ASSIGNMENT
From the listing below, reproduce exactly the lines starting with the one with "Studio shot of" and going on through the one with "Los Angeles Kings'", both ends kept. No picture is copied.

PROVIDED DATA
++++

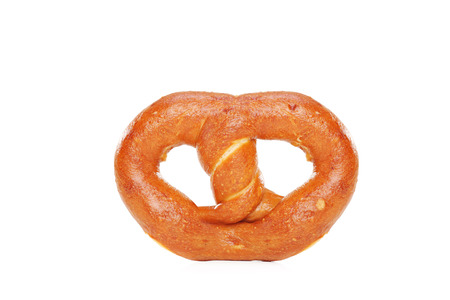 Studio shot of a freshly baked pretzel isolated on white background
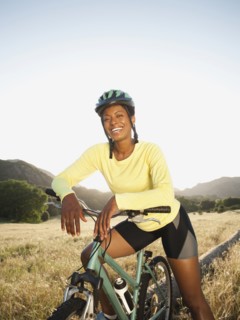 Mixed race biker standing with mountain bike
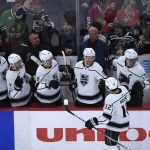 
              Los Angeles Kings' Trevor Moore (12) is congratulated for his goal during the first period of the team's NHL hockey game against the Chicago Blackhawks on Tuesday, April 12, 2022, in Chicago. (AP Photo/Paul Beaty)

++++

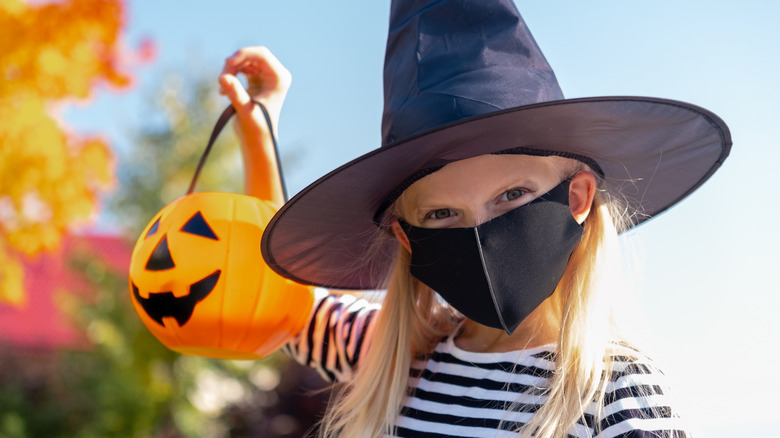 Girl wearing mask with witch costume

++++

FINISHED TASK
 Studio shot of a freshly baked pretzel isolated on white background
 Mixed race biker standing with mountain bike
              Los Angeles Kings' Trevor Moore (12) is congratulated for his goal during the first period of the team's NHL hockey game against the Chicago Blackhawks on Tuesday, April 12, 2022, in Chicago. (AP Photo/Paul Beaty)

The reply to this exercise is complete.